Zeta Jones says she cares "less and less" about striving to meet the Hollywood ideal of feminine beauty.
"When I wasn't married and didn't have a family, I had nothing else to do if I wasn't working, so I'd hang out with a stylist for a day or two. Now it's like a chore. If I need a dress for an event I'll just say, 'Could you get me a dress and shoes that match? Thanks'," she says.
That said, she is trim and toned and says she enjoys exercising every day. "I have a ballet barre in my gym. I turn the music up so loud that the walls are pulsating, and I go for it for an hour. I also hula-hoop, walk on the treadmill, do the elliptical [machine]. I try to keep the whole body working. I eat like a horse - my mother still brings me Cadbury's chocolate from Britain; I do have a very healthy appetite - but I work out."

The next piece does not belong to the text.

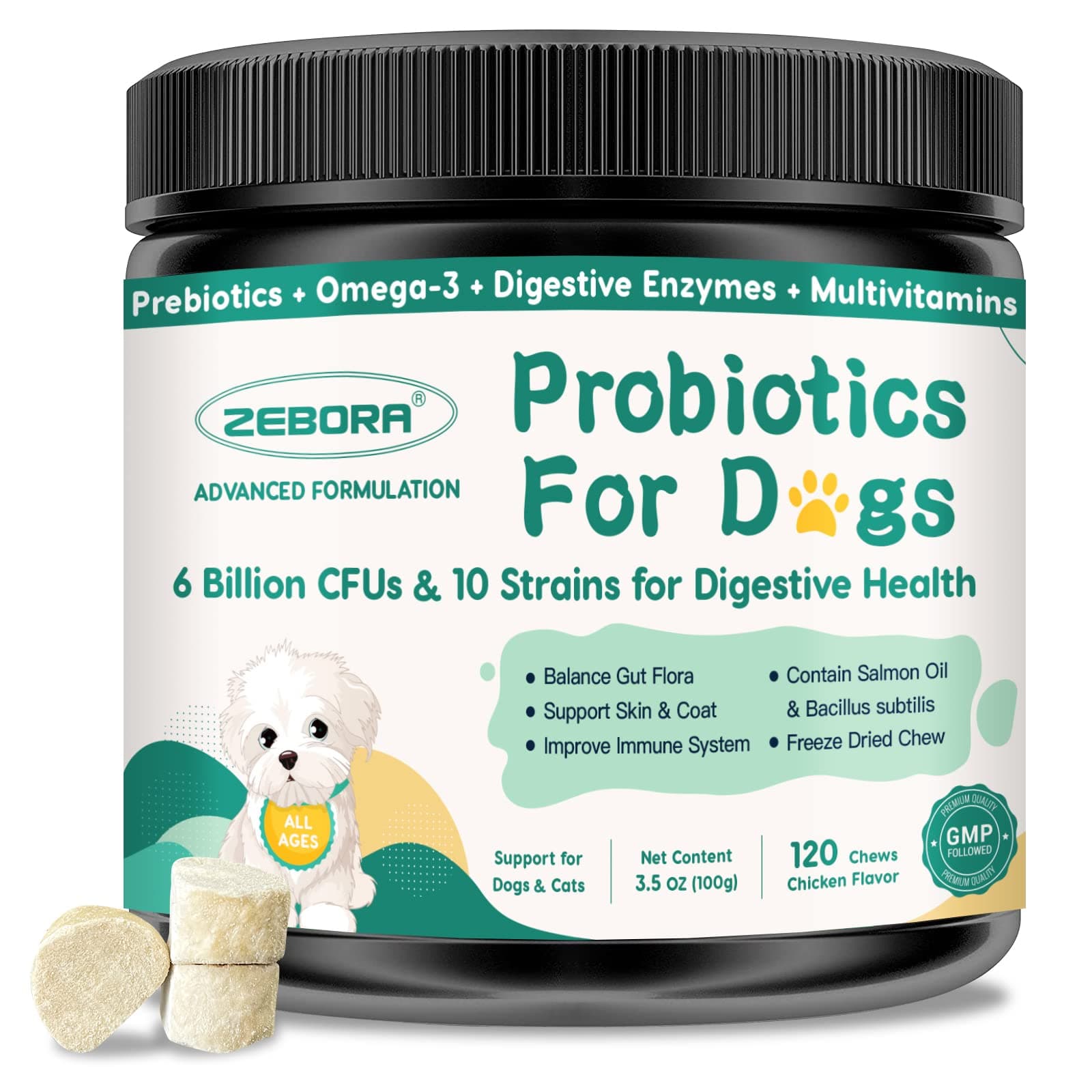 ZEBORA Probiotics for Dogs Digestive Health, Dog Probiotics and Digestive Enzymes, Prebiotics, Omega-3 & 6 and Vitamin for Dogs, 6 Billion CFUs for Gut Health and Immune Support, 120 Chews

Although her priorities have changed, it would be a mistake to think that Zeta Jones has exhausted all of her ambitions.
"I haven't lost that mojo," she says. "It's not die-hard ambition like I had when I was 14 or 15 - the ambition that made me leave Wales to go to London or made me leave Britain for the States. It's not that intensity. But there is so much I haven't done yet that I want to do."
Such as? "I've always wanted to do a one-woman show in Vegas. I want to be able to paint - I am trying, but so far I am not very good at all, although it gives me such solace and peace of mind. I want to write, and I'd like to direct at some point," she says. She has bought the rights to several books - "so I have those in my back pocket".
But spending time with her children is her priority right now. "Everyone tells you it goes so quickly - and it's true. They're out of your arms and answering back before you know it."
Red 2 is at cinemas on August 29.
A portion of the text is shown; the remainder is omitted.